Christopher Lovrien is arraigned in Multnomah County Circuit Court on Thursday, March 11, 2021. (Dave Killen/The Oregonian via AP)

Christopher Lovrien is arraigned in Multnomah County Circuit Court on Thursday, March 11, 2021. (Dave Killen/The Oregonian via AP)

The defendant in an Oregon man’s 1999 death pleaded guilty to killing the victim, but though he apologized in court, he reportedly asserted that he would have won his manslaughter case if he could afford a private lawyer.

“As far as the court is concerned I’m 100% in protest of this entire situation,” Christopher Lovrien, 56, said Friday in a Multnomah County courtroom, according to The Oregonian. “The court can go to hell.”
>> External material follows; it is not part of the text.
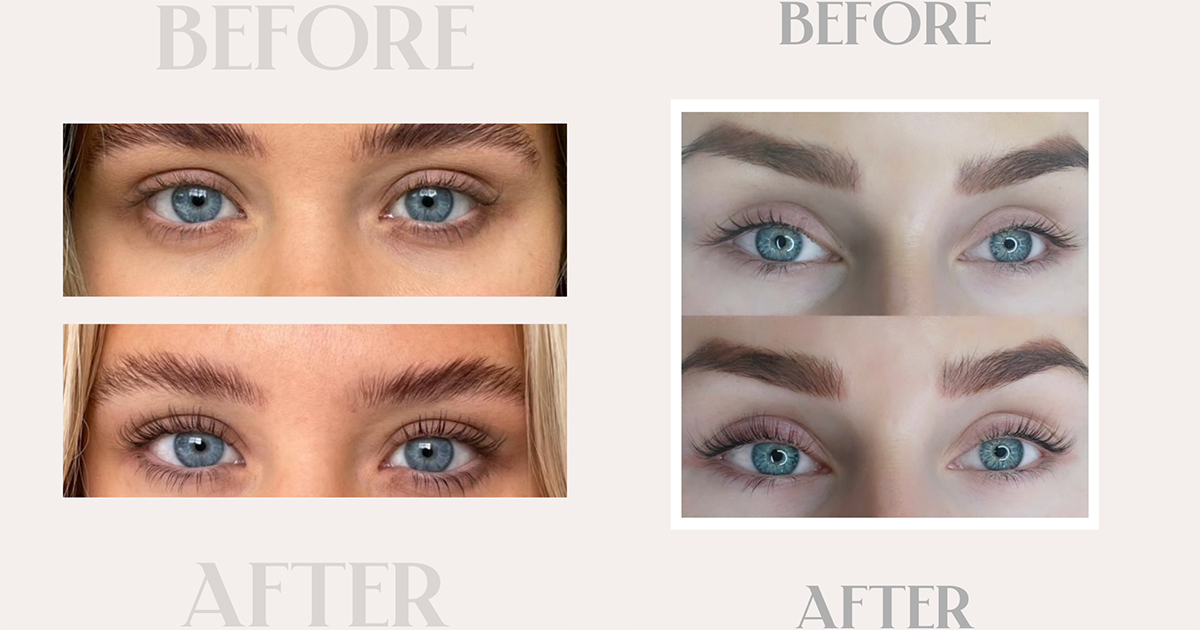 Två bilder på resultat före och efter användning av Xlash. Före efter bilder Xlash Pro ögonfransserum.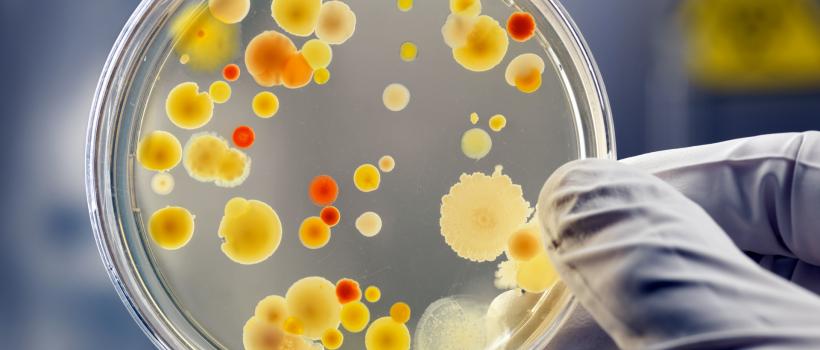 Microbial API Market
Lovrien, who is also the suspected killer in an ongoing recent murder case, will spend 20 years in prison with time served for manslaughter. Prosecutors said he killed Mark Dribin in 1999, who was last seen alive that year on July 1. They conceded that they cannot tell exactly what happened that fateful night. Lovrien reportedly asserted that he, a meth dealer, met with Dribin at an adult bookstore in the early morning of July 4, 1999.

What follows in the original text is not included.